Redis Cluster is client assisted and nodes are not capable to forward queries to other nodes. However nodes are able to redirect a client to the right node every time a client tries to access a key that is served by a different node. This means that every node in the cluster should know the map between the hash slots and the nodes serving them.

The problem I was trying to solve is, how to take this map in sync between nodes in a safe way? A safe way means that even in the event of net splits, eventually all the nodes will agree about the hash slots configuration.

Another problem to solve was the slave promotion.
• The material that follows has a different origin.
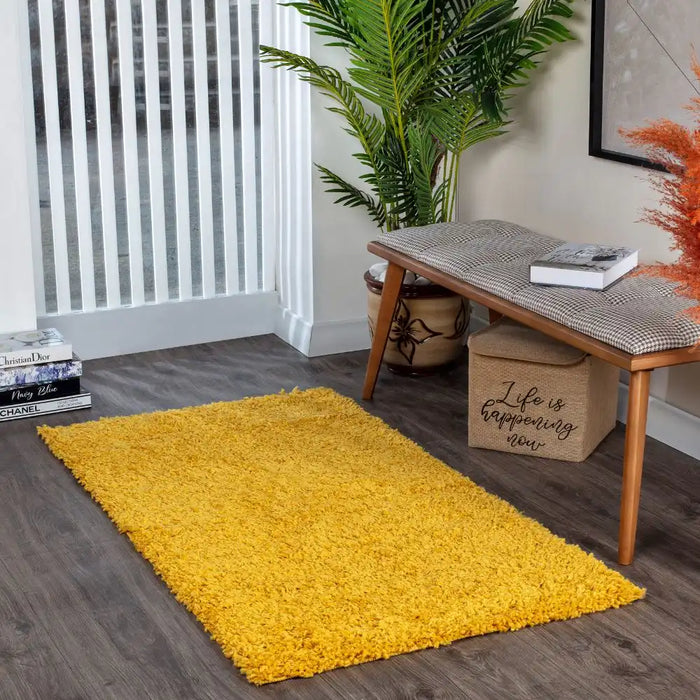 Surya fiv lilly 2310 yellow Yellow Living Room Shaggy Rug.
A master can have multiple slaves, how to detect, and how to act, when a master is failing and a slave should be promoted to replace it?

Metadata is not data
====================

In the case of Redis Cluster handling of metadata is significantly different than the way the user data itself is handled. The focus of Redis Cluster is:

1) Speed.
2) No need for merge operations, so that it is semantically simple to handle the very large values typical of Redis.
3) The ability to retain most writes originating from clients connected to the majority of masters.
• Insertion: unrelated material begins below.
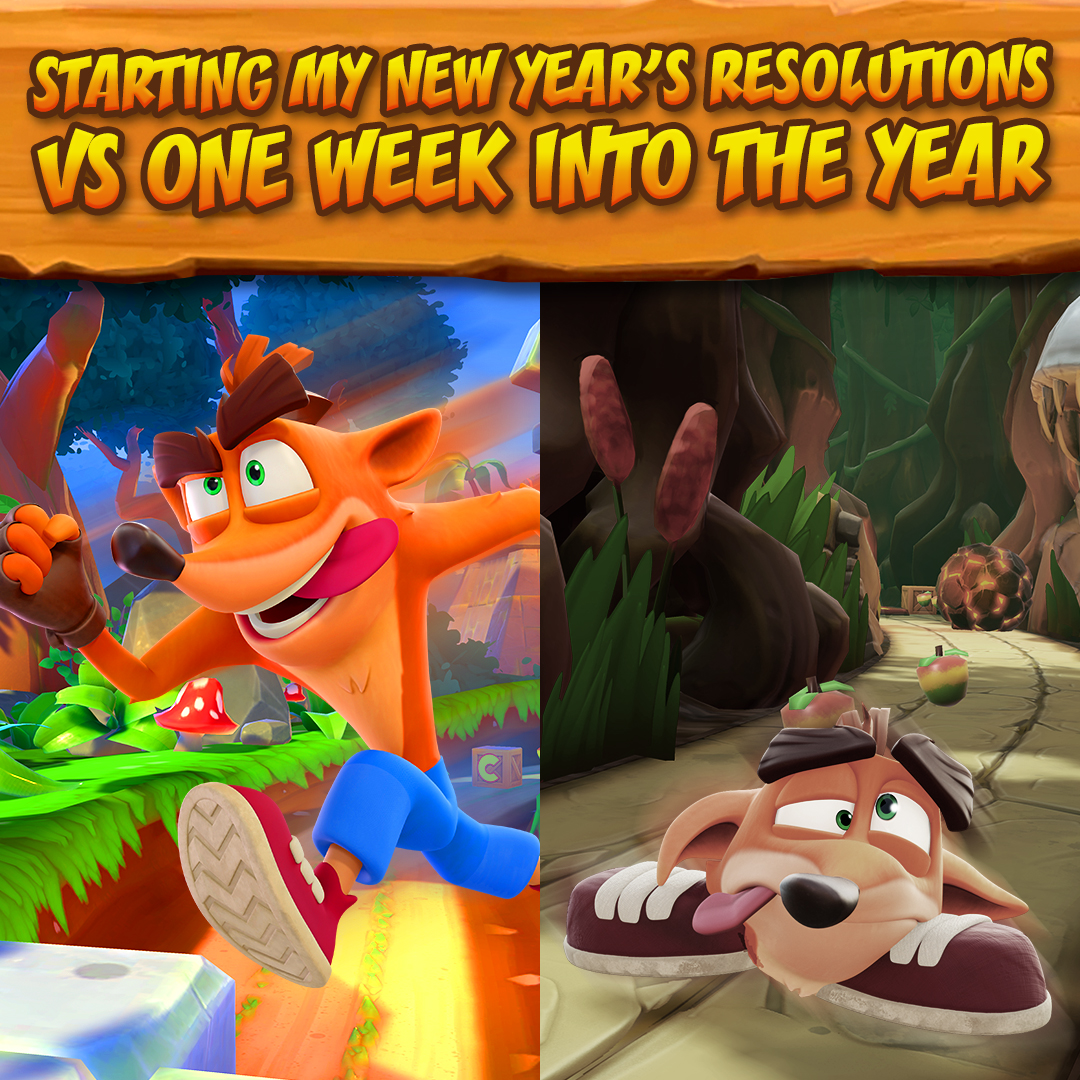 Crash Bandicoot: On the Run tweet media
Given the priorities, Redis Cluster, like the vanilla single node version of Redis, uses asynchronous replication where changes to the data set are streamed to slave nodes with an asynchronous acknowledgement from slaves. In other words when a node receives a write, the client most of the times directly talk with the node in charge for the key hash slot, and the node has no other chatting to do with other nodes.

However this means that Redis Cluster is not a true CP system: there is a window where writes can be lost. The trivial case to lose a write is to write to a master that stops working after accepting our write and replying to the client, but before being able to propagate the write to its slaves.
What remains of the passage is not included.